良い場合のシナリオでは、DDS製剤原料を中心としたライフサイエンス分野が着実に拡大し、電子・半導体材料や防衛・宇宙向け製品も安定的に需要を取り込む展開を想定する。売上成長は緩やかでも高付加価値製品の比率上昇により利益水準は維持され、営業利益率は18〜19%台で安定する。ROEは13〜14%前後を維持し、市場では「高収益・高技術のニッチ化学メーカー」としての評価が強まる。この場合、PERは15〜17倍程度が許容されやすくなり、5年後の株価水準は4,500円から5,200円程度が目安となる。配当は低水準ながら、値上がり益を主軸に据えた強気寄りのシナリオとなる。

中間のシナリオでは、高付加価値分野は堅調に推移するものの成長ペースは落ち着き、売上・利益ともに安定推移にとどまるケースを想定する。営業利益率は18%前後、ROEは13%前後で横ばいとなり、収益構造に大きな変化はない。市場評価も現状水準を大きく超えることはなく、PERは12〜14倍程度で落ち着く。この場合、5年後の株価は3,500円から4,000円程度と、現在値近辺から緩やかな上昇にとどまる中立的なシナリオとなる。値上がり益は限定的だが、事業の安定性を評価して保有する投資と相性が良い。

悪い場合のシナリオでは、半導体市況の調整やDDS分野の成長鈍化、防衛関連需要の変動などにより、利益成長が一時的に停滞する展開を想定する。営業利益率は16%前後まで低下し、ROEも11%台に落ち込む。市場の評価は慎重となり、PERは10〜11倍程度まで切り下がる可能性がある。この場合、5年後の株価は2,600円から3,000円程度まで下押しされるリスクがあり、値動きの冴えない弱気シナリオとなる。

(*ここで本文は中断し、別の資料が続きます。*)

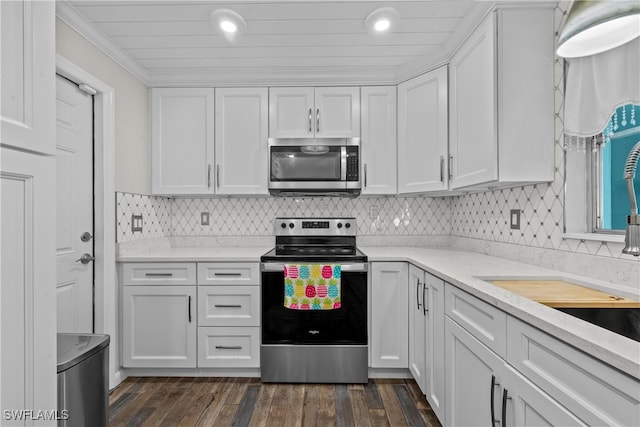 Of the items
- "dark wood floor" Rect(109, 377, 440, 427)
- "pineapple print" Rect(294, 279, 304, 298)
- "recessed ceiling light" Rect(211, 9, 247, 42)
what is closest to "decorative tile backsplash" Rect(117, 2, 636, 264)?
"pineapple print" Rect(294, 279, 304, 298)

総合すると、現在株価3,185.0円を起点とした日油の5年間の値動きは、良い場合で4,500円から5,200円前後、中間で3,500円から4,000円、悪い場合で2,600円から3,000円といったレンジが想定される。大きな成長を狙う銘柄ではないが、営業利益率18%超という極めて高い収益性と参入障壁の高い事業基盤を背景に、安定性と中長期的な価値向上を重視して保有する投資と相性の良い銘柄と評価できる。

この記事の最終更新日:2025年12月22日

※本記事は最新の株価データに基づいて作成しています。